→ **REQUIREMENT**
Output the lines from the one holding "Copropriété à louer" to the end of the entries that follow, exactly and only those, minus any pictures.
*** Opening of DATA EXCERPTS ***
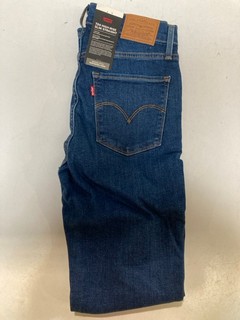 2 X LEVIS 724 STRAIGHT HIGH RISE BLUE JEANS SIZE 28X32 INCH RRP £110 EACH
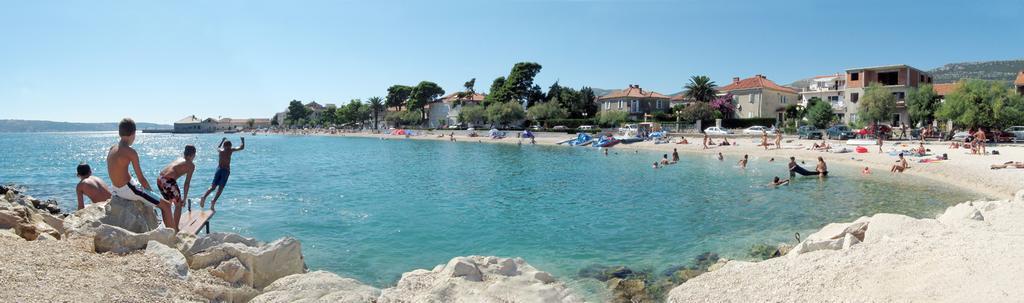 Apartment Sunce Kastela Exterior photo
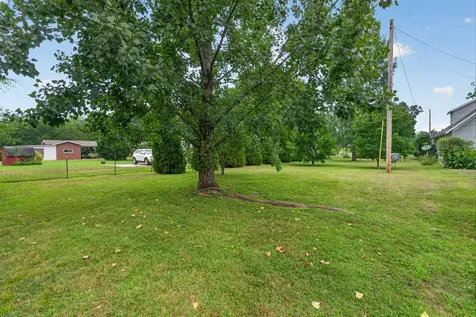 101 Country Drive Cowan TN 37318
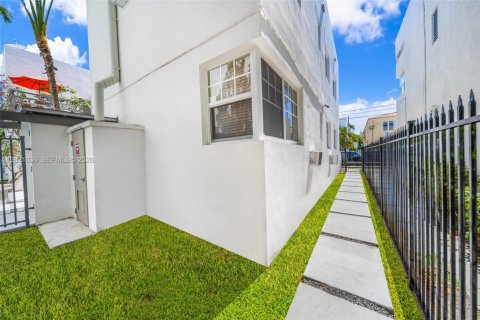 Copropriété à louer à Miami Beach, Floride: 1 chambre, 56.67 m2 № 2085447 - photo 20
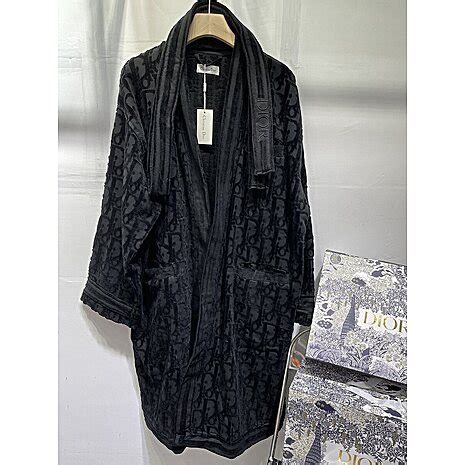 dior bath robe.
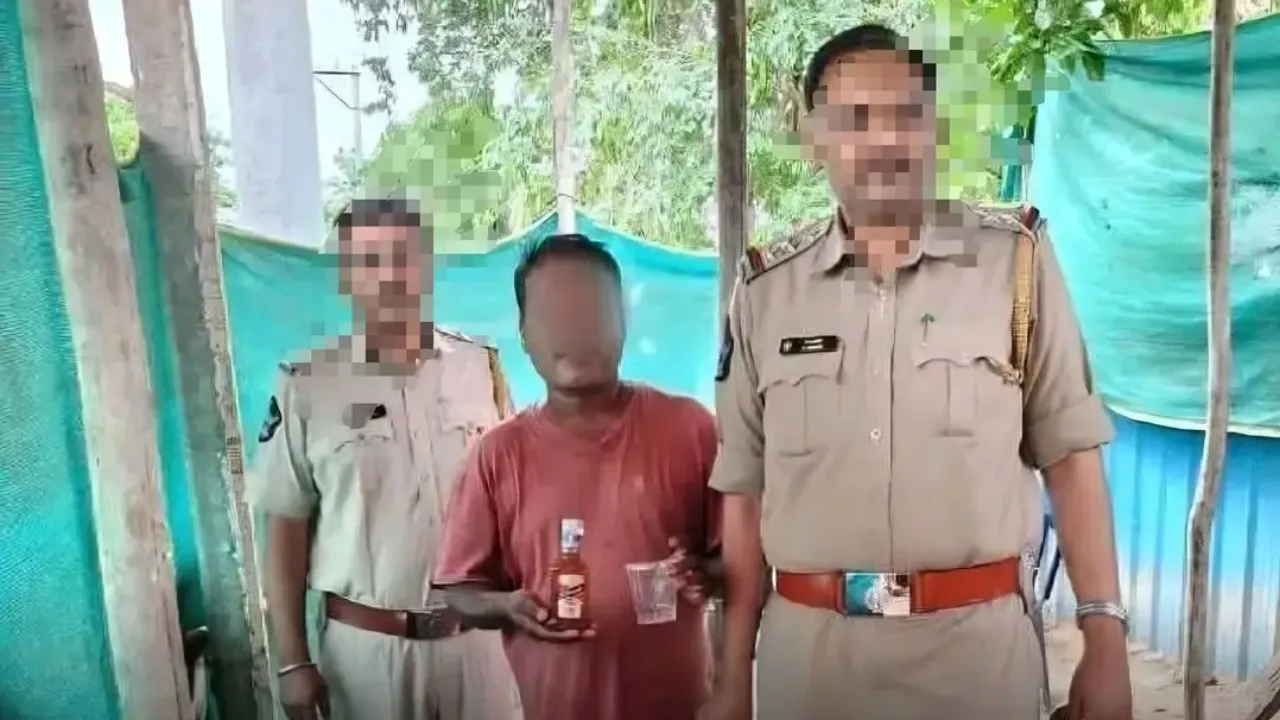 క్వార్టర్ బాటిల్ కోసం ఇంత హంగామా..? సోషల్ మీడియాలో వైరల్ అవుతున్న ఫొటోపై చర్చ
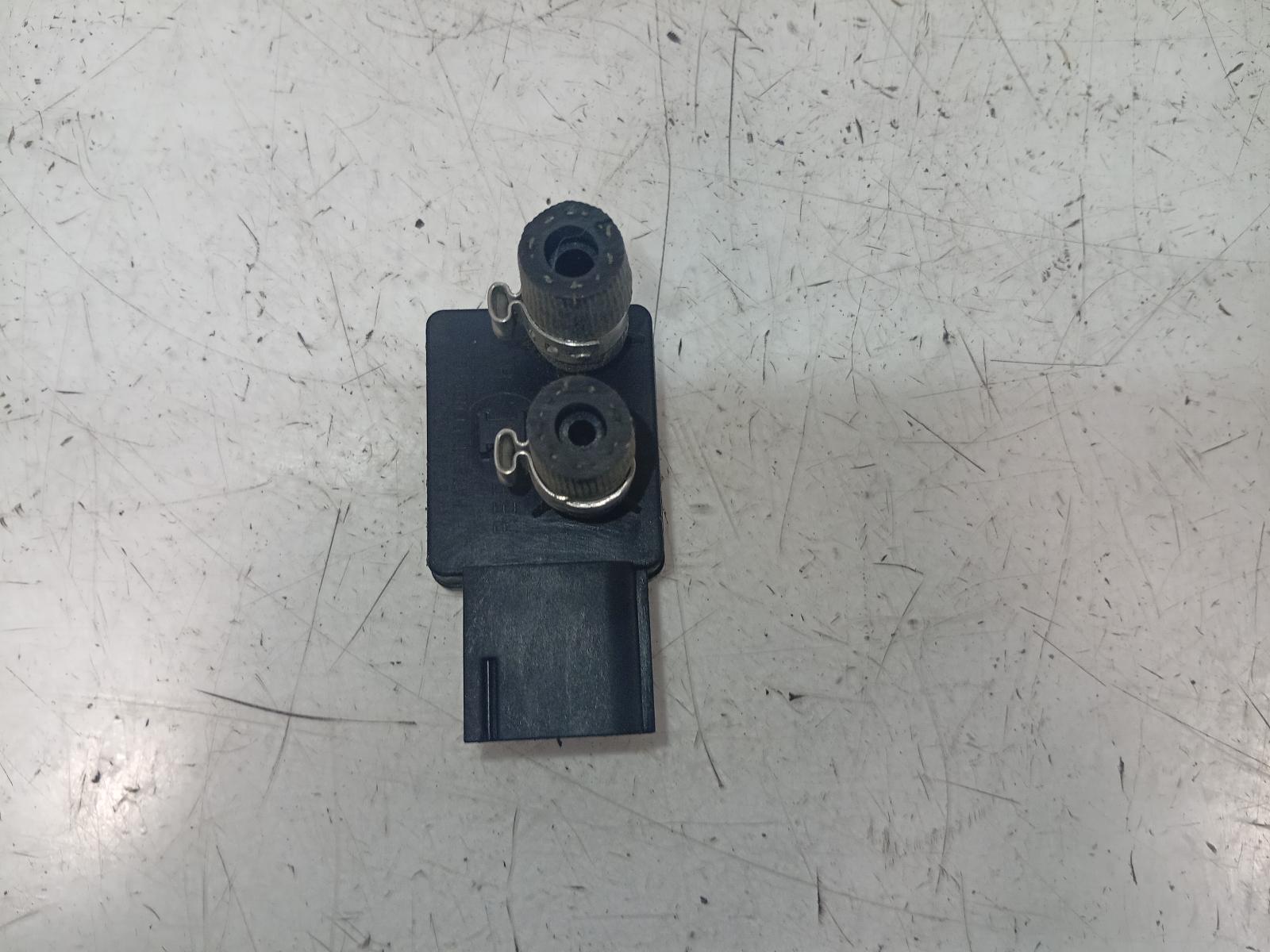 Misc_Switch_Relay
*** Close of DATA EXCERPTS ***
→ **REPLY**
 Copropriété à louer à Miami Beach, Floride: 1 chambre, 56.67 m2 № 2085447 - photo 20
 dior bath robe.
 క్వార్టర్ బాటిల్ కోసం ఇంత హంగామా..? సోషల్ మీడియాలో వైరల్ అవుతున్న ఫొటోపై చర్చ
 Misc_Switch_Relay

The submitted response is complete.